9 de Diciembre 2016

Padres de 43 desaparecidos piden que exjefe policial no sea “un detenido más”


Con información de la agencia de noticias: EFE 

Los padres de los 43 estudiantes mexicanos desaparecidos en 2014 en Iguala pidieron que Felipe Flores, exsecretario de Seguridad del municipio y arrestado por fuerzas de seguridad del país, no sea “un detenido más”, sino un paso “para llegar a la verdad”.

El portavoz de los familiares, Felipe de la Cruz, dijo que para ellos la noticia es “bien importante”, ya que Flores es uno de los personajes “que hacen falta para ir completando el rompecabezas” de lo que ocurrió la noche del 26 de septiembre de 2014.

“Ojalá no sea un detenido más como los ciento y tantos que están en la cárcel, pero ninguno de ellos por la desaparición forzada”, afirmó.

Flores es considerado uno de los autores intelectuales de lo ocurrido a los jóvenes, junto con el entonces alcalde, José Luis Abarca, y su esposa, María de los Ángeles Pineda, ambos en prisión desde noviembre de 2014.

Por este caso hay 130 personas sujetas a proceso, casi todos detenidos, entre autoridades y policías municipales, así como jefes y operadores del crimen organizado.

Los padres esperan que, a través del detenido, se pueda llegar a saber quién le dio las “órdenes directas” que llevaron a la represión de los estudiantes esa noche.

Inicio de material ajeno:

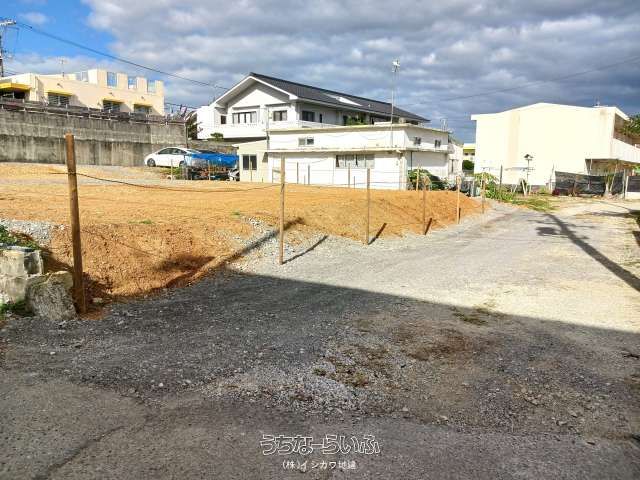 470.68㎡ Land for Lease in Taba, Uruma City, Okinawa - Thumbnail 3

“Que diga definitivamente quién fue el que organizó todo este daño a los 43 padres de familia, a las familias, y creo que con eso bastaría”, aseveró el portavoz.

Añadió que los padres se enteraron de la noticia de la captura del exjefe policial por los medios de comunicación y que permanecen a la espera de la información oficial.

De la Cruz se encuentra, junto con un grupo de padres de los 43 jóvenes, en Estados Unidos, donde permanecerán hasta principios del próximo mes participando en una caravana que recorrerá varias ciudades de ese país.

Dicha caravana se está desarrollando en tres rutas diferentes para que el “movimiento siga visibilizándose en el mundo”, porque todavía no tienen “una respuesta”.

Según la versión oficial, puesta en duda por familiares y expertos que investigaron el caso, la noche de los hechos los estudiantes fueron detenidos por policías y entregados a miembros del cártel de Guerreros Unidos, quienes los asesinaron, incineraron en un vertedero y arrojaron sus restos a un río.